Sadly we had to abandon Mountain Phoenix. We were sold on the idea of positive reinforcement fostering individualized academic growth. I was told that a student would be encouraged to meet their potential. What happened instead is my student was encouraged to find something quiet to do. This did not grow his skills in any way. In fact, he left the school with less proficiency, then he arrived. It appears to be a good concept, but it fails.
Phoenix Mountain School. I am a grandparent from out of state. Both my husband and I taught school. I am concerned about the D rating from the state for this school. It was posted in the Jeffco Observer. There were only 4 D schools and 2 F schools. How are the schools actually rated? Can anyone answer this question? A grandparent
The school is more closely aligned with Steiner philosophy than it claims. This can be ideal if you are looking for this type of education. If you are unfamiliar with Steiner philosophy then it can be a surprise. The imagination that children develop here is amazing. Children learn to be sensitive and kind. Friendships and community are above and beyond wonderful here. The school struggles to provide the education in line with its philosophy and meet state standards. It's a curious blend and brings unpredictability. Science education here is not in line with any other style of school. Academics are soft.

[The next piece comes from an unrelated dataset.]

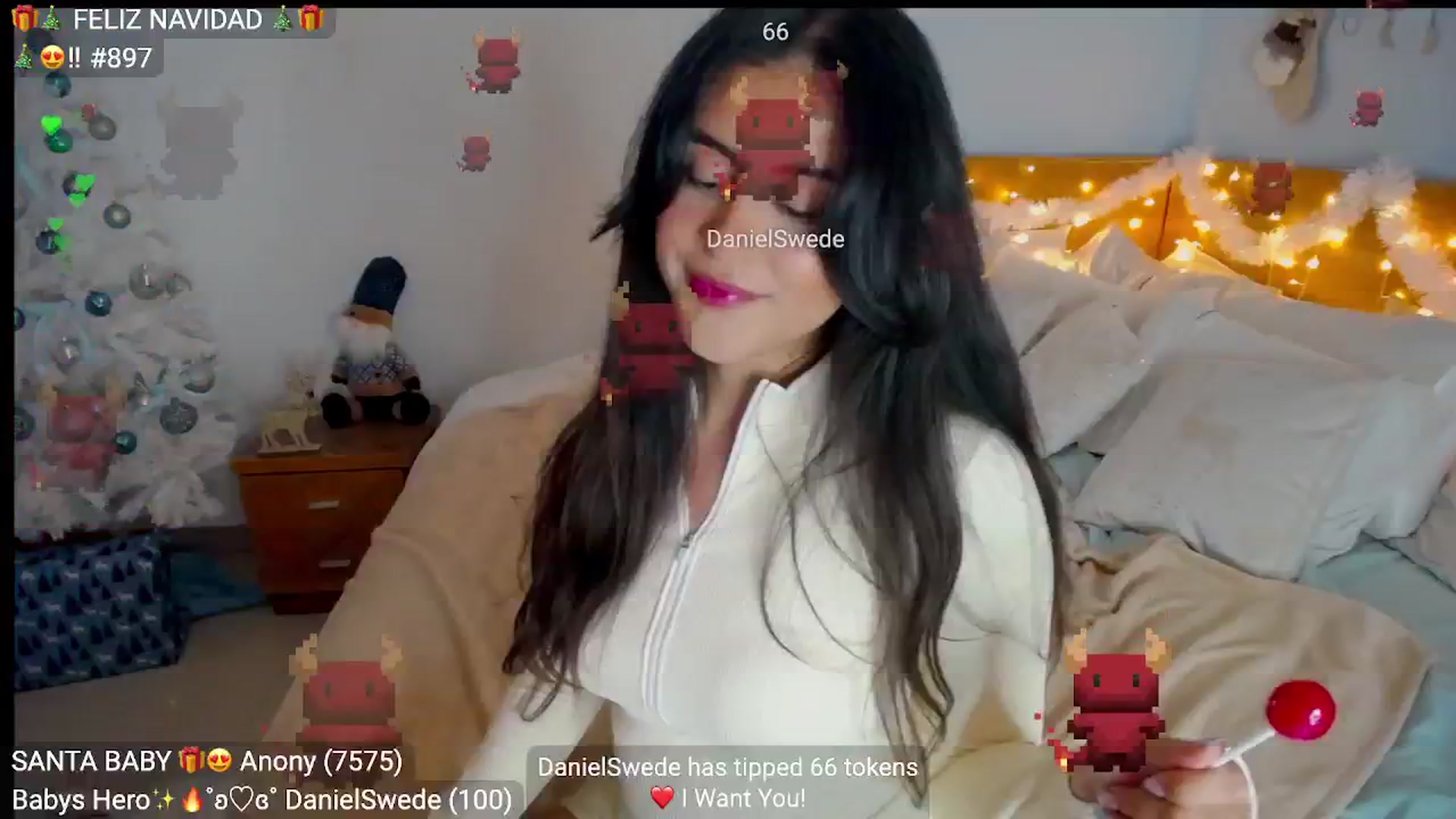 Gallery image thumbnail from Insanna's myfreecams stream on, 12/25/2024, 23:56 image 3 of 20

Children with behavior problems bounce in and out of this school, teachers are left alone to deal with the disruptions. The adherence to safety and handling of injuries at the school is questionable at best and not in line with district requirements. Children are encouraged to tough it out, which has it's benefits, but parents are frequently not notified in a timely manner when children are injured. This school is not for everyone, but it is good to see it become more available to children as an option in education.